PROBLEM STATEMENT: All lines holding the string "Cotton" should be copied from the data below.

==== MATERIAL SHOWN

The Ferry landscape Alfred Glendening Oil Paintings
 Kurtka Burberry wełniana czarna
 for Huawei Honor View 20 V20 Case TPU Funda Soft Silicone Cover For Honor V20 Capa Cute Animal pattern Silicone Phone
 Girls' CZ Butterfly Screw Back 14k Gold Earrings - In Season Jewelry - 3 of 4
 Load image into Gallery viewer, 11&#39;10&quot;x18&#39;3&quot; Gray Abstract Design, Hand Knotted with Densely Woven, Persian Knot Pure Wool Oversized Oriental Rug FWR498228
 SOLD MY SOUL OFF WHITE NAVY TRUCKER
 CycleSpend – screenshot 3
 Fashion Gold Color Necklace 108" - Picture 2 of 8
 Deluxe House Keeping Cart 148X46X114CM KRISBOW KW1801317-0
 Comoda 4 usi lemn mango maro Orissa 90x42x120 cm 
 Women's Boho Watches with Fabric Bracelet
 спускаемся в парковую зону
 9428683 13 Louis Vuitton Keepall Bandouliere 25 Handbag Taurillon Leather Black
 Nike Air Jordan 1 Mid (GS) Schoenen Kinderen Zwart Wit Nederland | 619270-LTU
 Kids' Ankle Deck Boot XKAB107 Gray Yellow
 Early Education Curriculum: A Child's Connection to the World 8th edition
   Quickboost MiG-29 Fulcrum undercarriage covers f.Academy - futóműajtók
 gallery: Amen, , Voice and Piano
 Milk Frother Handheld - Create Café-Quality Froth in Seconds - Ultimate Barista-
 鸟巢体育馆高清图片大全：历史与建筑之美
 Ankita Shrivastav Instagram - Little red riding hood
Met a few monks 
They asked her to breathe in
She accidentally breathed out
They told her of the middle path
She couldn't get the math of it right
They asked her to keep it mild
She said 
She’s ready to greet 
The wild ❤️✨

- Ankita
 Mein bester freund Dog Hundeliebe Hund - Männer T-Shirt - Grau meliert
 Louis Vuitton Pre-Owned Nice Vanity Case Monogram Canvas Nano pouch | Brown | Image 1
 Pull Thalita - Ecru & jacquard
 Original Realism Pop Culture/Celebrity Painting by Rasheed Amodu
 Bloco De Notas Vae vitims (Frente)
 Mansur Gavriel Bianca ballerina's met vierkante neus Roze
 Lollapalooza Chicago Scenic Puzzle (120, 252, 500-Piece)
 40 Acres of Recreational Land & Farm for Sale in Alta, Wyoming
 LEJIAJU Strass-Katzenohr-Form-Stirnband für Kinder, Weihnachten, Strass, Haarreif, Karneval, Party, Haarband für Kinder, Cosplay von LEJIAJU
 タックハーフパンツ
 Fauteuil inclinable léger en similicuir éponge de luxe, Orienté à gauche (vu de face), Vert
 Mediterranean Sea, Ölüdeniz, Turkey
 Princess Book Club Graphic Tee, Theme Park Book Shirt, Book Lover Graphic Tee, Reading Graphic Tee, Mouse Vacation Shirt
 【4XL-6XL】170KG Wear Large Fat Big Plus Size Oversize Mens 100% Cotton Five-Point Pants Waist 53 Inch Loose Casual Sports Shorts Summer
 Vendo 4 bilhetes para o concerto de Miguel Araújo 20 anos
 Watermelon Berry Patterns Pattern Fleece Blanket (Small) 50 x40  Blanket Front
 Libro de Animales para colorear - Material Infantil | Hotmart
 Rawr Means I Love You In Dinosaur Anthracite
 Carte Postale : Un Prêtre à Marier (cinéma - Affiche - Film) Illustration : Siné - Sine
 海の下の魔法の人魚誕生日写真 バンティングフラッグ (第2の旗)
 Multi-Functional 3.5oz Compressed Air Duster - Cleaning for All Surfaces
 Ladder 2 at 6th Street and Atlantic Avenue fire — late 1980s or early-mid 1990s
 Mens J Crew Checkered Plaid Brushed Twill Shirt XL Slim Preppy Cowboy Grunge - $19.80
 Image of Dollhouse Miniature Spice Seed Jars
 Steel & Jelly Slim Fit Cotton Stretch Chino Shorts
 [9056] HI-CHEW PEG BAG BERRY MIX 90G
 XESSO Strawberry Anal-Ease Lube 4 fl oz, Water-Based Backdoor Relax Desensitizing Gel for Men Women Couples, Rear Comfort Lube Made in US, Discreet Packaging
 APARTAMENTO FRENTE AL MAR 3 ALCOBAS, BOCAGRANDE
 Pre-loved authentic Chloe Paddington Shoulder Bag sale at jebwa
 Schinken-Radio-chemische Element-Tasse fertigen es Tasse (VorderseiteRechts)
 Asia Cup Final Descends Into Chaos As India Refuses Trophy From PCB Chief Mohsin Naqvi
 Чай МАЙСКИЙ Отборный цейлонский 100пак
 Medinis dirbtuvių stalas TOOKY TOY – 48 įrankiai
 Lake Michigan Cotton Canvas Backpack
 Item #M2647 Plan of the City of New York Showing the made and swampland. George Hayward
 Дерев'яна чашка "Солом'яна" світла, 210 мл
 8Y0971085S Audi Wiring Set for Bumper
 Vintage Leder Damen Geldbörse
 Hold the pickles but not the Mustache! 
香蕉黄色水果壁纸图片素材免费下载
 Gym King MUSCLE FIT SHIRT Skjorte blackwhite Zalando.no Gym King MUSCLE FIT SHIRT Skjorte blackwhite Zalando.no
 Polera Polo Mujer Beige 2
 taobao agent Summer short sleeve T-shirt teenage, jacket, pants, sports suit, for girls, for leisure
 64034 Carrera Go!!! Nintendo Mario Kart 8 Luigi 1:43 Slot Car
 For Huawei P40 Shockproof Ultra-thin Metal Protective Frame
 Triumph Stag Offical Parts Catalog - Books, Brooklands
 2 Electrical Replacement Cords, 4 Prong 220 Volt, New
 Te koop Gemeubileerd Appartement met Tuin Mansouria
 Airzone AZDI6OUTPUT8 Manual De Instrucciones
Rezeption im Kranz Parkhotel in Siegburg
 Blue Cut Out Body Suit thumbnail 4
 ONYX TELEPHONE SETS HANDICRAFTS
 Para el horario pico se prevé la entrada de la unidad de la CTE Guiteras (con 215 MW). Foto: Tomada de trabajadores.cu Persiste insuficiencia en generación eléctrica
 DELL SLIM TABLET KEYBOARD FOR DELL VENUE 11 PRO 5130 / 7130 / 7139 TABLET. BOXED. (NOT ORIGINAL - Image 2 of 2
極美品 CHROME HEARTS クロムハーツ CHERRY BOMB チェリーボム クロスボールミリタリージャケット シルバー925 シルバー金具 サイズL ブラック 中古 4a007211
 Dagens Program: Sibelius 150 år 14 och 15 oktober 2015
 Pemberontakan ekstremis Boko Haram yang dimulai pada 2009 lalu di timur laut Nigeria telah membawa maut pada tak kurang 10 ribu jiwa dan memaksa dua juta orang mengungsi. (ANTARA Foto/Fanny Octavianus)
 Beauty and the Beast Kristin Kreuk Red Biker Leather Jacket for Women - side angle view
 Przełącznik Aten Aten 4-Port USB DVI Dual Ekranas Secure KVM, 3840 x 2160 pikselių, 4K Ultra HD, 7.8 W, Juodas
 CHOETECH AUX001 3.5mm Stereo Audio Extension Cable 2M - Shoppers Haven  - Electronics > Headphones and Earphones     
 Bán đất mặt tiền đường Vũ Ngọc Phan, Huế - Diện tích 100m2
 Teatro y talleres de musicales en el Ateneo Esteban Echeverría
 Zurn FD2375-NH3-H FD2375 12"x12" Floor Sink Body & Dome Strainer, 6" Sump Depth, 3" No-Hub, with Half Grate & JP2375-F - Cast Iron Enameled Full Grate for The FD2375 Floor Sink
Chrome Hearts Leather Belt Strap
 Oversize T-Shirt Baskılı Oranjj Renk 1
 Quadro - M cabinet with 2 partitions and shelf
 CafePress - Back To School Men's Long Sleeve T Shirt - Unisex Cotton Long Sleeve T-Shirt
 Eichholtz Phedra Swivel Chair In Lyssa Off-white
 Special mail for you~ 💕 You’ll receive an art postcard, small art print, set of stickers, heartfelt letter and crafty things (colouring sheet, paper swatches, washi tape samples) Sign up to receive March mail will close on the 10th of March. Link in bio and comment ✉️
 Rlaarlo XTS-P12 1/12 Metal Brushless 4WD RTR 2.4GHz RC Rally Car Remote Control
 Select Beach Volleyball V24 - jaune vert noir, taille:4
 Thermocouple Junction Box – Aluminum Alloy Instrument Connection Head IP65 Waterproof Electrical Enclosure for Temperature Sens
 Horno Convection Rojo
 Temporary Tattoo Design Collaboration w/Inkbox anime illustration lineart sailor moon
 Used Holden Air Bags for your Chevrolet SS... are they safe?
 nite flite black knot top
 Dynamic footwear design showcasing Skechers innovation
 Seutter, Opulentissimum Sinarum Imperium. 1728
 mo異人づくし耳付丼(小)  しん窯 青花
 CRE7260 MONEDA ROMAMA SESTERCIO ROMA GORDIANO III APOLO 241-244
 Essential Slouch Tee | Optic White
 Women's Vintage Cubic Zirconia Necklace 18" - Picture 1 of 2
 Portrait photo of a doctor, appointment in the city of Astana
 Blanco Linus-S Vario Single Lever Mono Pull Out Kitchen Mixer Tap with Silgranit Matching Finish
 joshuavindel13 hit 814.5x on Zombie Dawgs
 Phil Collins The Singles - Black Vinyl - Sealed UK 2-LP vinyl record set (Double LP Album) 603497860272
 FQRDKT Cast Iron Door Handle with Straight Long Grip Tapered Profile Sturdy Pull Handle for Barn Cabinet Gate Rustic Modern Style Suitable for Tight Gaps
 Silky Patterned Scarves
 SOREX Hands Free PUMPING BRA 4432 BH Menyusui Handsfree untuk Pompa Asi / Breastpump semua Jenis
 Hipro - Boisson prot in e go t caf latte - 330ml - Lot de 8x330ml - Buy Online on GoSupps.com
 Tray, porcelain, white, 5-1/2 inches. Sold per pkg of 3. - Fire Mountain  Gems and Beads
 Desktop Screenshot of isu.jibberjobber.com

========

RESPONSE AREA:
 【4XL-6XL】170KG Wear Large Fat Big Plus Size Oversize Mens 100% Cotton Five-Point Pants Waist 53 Inch Loose Casual Sports Shorts Summer
 Steel & Jelly Slim Fit Cotton Stretch Chino Shorts
 Lake Michigan Cotton Canvas Backpack
 CafePress - Back To School Men's Long Sleeve T Shirt - Unisex Cotton Long Sleeve T-Shirt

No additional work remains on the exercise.